What is being asked >> Transcribe exactly the lines below that begin at the line with "POLO DE PIQUÉ" and stop after the line with "925 Silver, 4mm", leaving out every picture.

Records >>
* * *
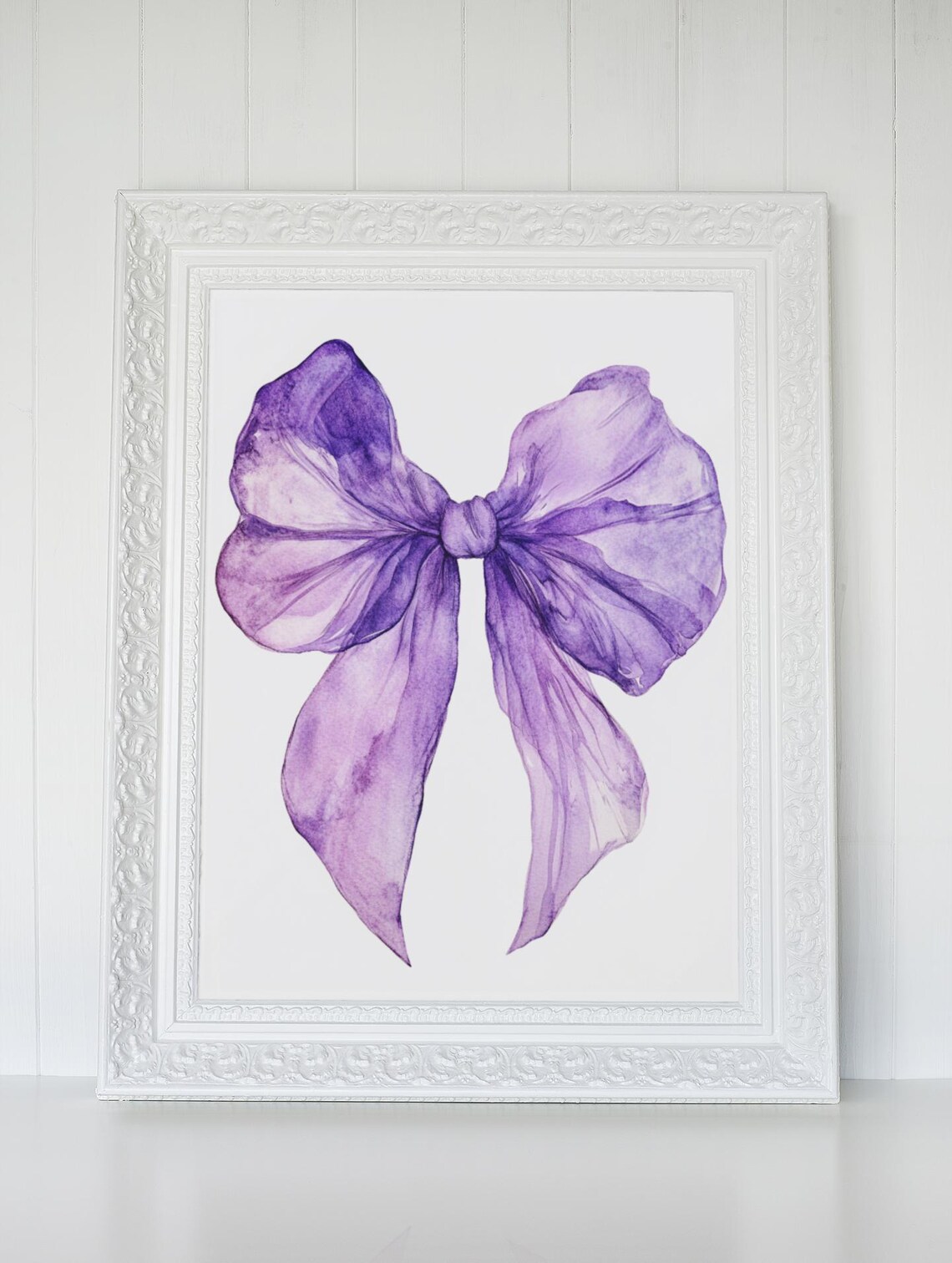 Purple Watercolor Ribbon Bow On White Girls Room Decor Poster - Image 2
* * *
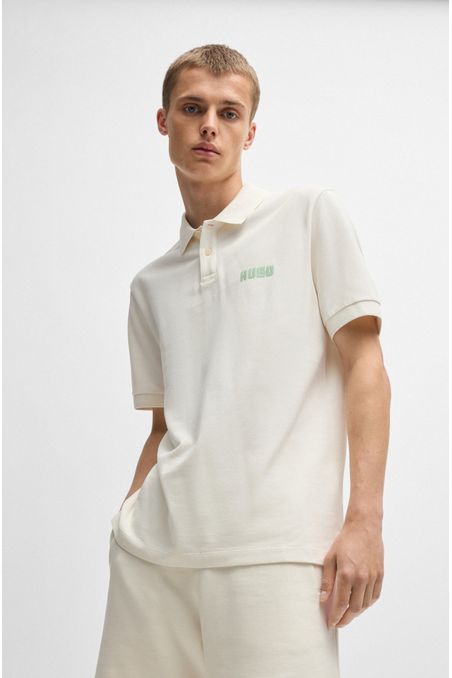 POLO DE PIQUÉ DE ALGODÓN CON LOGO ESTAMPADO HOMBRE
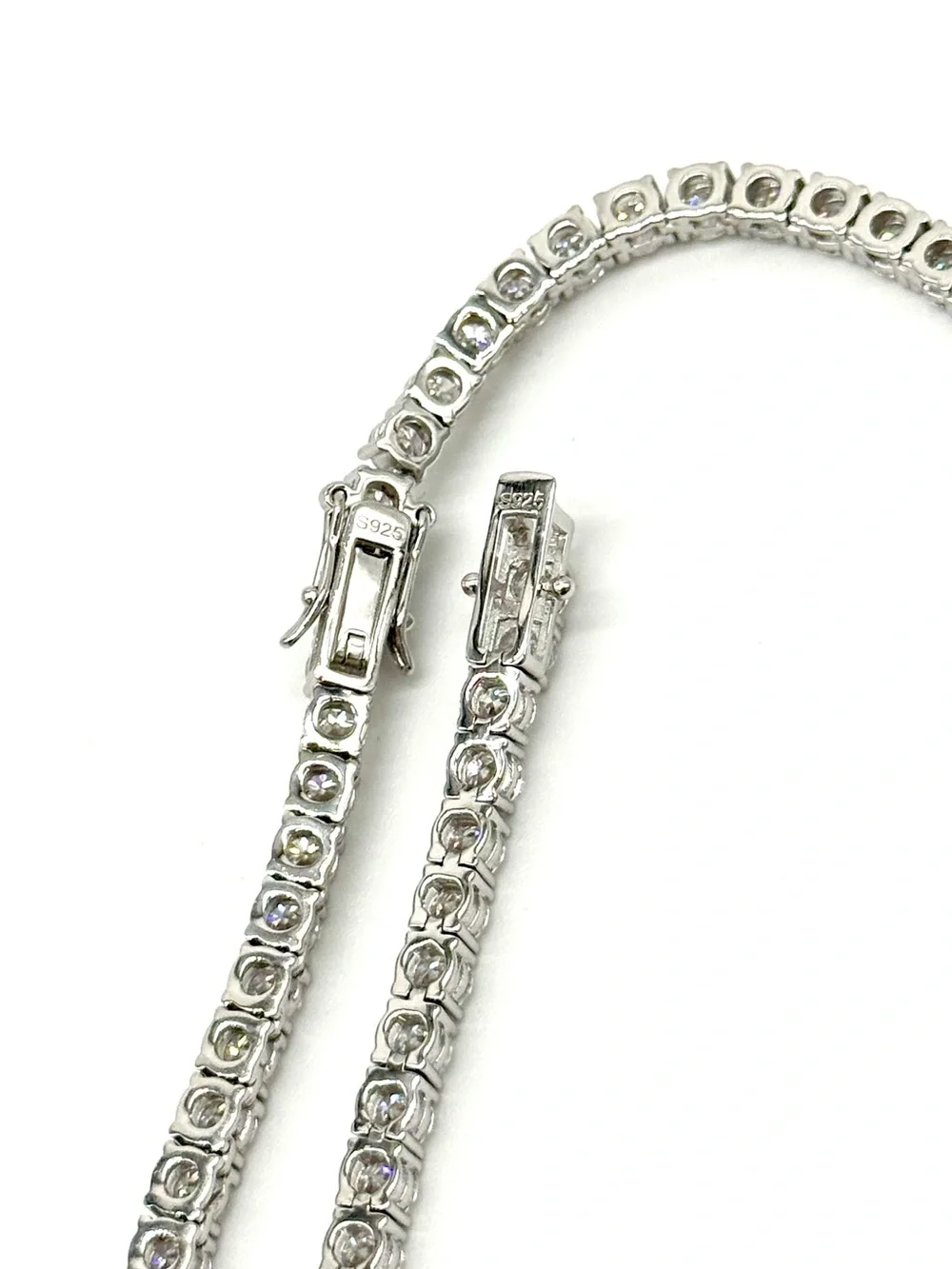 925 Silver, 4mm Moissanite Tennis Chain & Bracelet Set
* * *
Answer area >>
 POLO DE PIQUÉ DE ALGODÓN CON LOGO ESTAMPADO HOMBRE
 925 Silver, 4mm Moissanite Tennis Chain & Bracelet Set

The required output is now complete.